On the heels of multiple school cyberattack incidents in Louisiana, just last week, the Flagstaff Unified School District in Arizona closed schools for two days after a hacker installed ransomware on district computers and demanded payment in Bitcoin.
Steven Miller, director of Cyber Security for the Digital District, a project under the Consortium for School Networking, said in an article by AASA, The School Superintendents Association that one reason for schools’ vulnerability is that most districts tend not to invest in specialized IT staff. But if that keeps up, they’re soon going to find themselves without functioning systems.
“Most superintendents probably wish someone else would deal with the whole subject,” he said. “The best superintendents understand that technology is now just one more thing on their plate, that they need to pull together a leadership team that can deal with it.”

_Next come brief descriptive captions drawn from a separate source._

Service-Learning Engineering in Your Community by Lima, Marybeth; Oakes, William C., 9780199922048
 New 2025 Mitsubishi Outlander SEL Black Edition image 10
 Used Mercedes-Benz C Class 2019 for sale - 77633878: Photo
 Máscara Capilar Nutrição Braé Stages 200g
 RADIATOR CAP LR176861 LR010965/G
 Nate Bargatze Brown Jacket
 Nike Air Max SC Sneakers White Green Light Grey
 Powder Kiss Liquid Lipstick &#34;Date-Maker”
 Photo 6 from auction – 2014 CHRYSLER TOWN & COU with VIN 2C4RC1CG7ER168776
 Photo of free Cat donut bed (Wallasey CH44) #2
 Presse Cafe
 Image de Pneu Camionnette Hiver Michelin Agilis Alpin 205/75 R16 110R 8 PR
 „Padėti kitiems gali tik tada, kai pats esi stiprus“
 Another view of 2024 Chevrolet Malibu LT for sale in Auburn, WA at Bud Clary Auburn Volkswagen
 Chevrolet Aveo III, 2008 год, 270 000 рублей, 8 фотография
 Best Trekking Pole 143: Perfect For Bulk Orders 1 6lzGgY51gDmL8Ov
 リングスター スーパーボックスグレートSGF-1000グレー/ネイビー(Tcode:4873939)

“Do the studies. Hire the staff. Make security a priority,” he continued.
Experts also warn against putting too much trust in third-party vendors, which have a mixed track record of security and do not always sufficiently protect school data. To keep them accountable, Levin recommends on his website, The K-12 Cybersecurity Resource Center, that school districts set minimum standards for vendor security practices, hold vendors publicly accountable to taxpayers for lax security practices and data breaches through regular audits, for example, and assign legal liability for not meeting security standards.
But ultimately, it’s up to school leaders to turn things around. "The hard truth is that we won’t see fewer data breaches, fewer successful phishing attacks, and fewer ransomware incidents in schools until superintendents and school board members jointly embrace their cybersecurity governance responsibilities,” he said.